Atrial fibrillation (AF) that causes the heart to beat irregularly is found in a new study to hasten memory problems, researchers find. The condition is the most common type of heart rhythm problem that is expected to affect 12 million people by the year 2050, according to statistics from the Centers for Disease Control.


How atrial fibrillation could cause loss of memory

Atrial fibrillation causes the upper and lower heart chambers to beat in an uncoordinated fashion. The result is decreased blood flow throughout the body. A common complication is blood clot that can lead to stroke.

Because stroke is a common complication of atrial fibrillation that can lead to memory problems Evan Thacker, Ph.D., a statistician in the Department of Epidemiology at University of Alabama at Birmingham (UAB) School of Public Health decided to explore whether people with the abnormal heart rhythm who did not have a stroke might also prone to memory problems.

The findings showed cognitive decline happens more quickly for people diagnosed with atrial fibrillation, even after taking into account age and other known risk factors for memory loss. Past studies have also linked a fib to Alzheimer's and dementia.

Thacker said memory issues might accompany the coming heart rhythm disturbance for two reasons:

  • The brain may not get the oxygen it needs, in turn leading to cognitive decline that happens over time
  • Small blood clots might form that get lodged in the brain’s blood vessels

"Currently, we do not know whether either of these two possibilities actually occurs," he said. "We would like to study it using brain imaging technology to learn more about what is happening in the brains of people with atrial fibrillation."
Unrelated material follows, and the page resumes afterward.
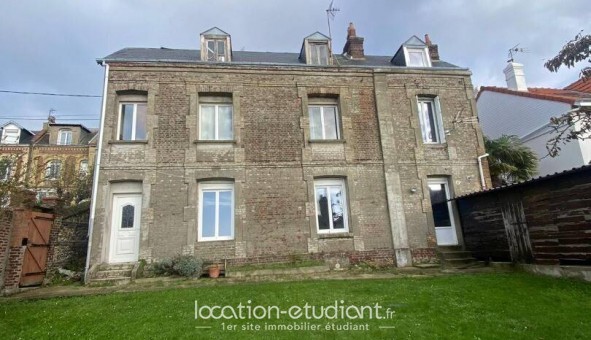 Logement tudiant Studio à Le Havre (76620)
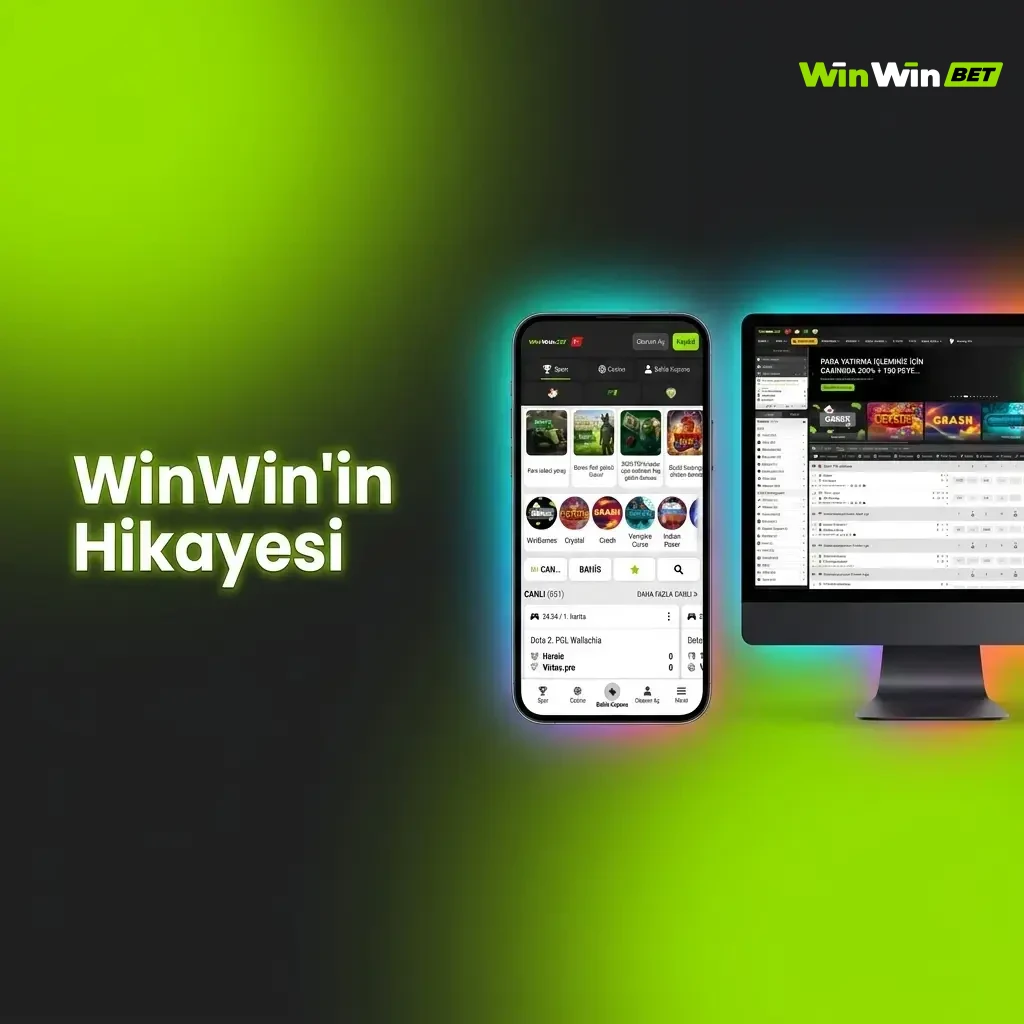 WinWin çevrimiçi bahis ve casino platformu, Türkiye pazarına özel Curaçao lisanslı hizmet sunuyor.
The heart rhythm disturbance can cause clots to form when blood sits in the heart. The asynchronous activity of the heart means not all of the blood is squeezed out into circulation with each heartbeat, which also could be the cause of oxygen deprivation to the brain suspected to lead to poor memory and even dementia.


The upper chambers known as the atrium contract; then the lower chambers or ventricles may contract before they are completely filled with blood. There can be long pauses before the contraction happens.

The treatment to prevent clots is blood thinners like warfarin or Xarelto. Sometimes the heart can be ‘shocked’ back in a normal rhythm. Another option for atrial fibrillation treatment is called ablation. A specialized cardiologist ‘maps’ the heart’s signals during a procedure much like a cardiac catheterization and ‘ablates’ the pathways sending the signals causing the rhythm disturbance. Sometimes a pacemaker is needed.

The study

For the study researchers analyzed data from 5,000 people aged 65 and older who took part in the Cardiovascular Health Study, none of whom had atrial fibrillation at the beginning of the investigation.

Over seven year period, 550 people developed the heart rhythm disturbance. The study participants underwent a 100 point test each year to assess thinking and memory.

Compared to people without atrial fibrillation, those that had been diagnosed were more likely to experience memory problems and at an earlier age. The study is published in the journal Neurology.

The goal of the researchers is to understand why atrial fibrillation that is a common heart rhythm disturbance leads to memory loss so they can find ways to prevent it.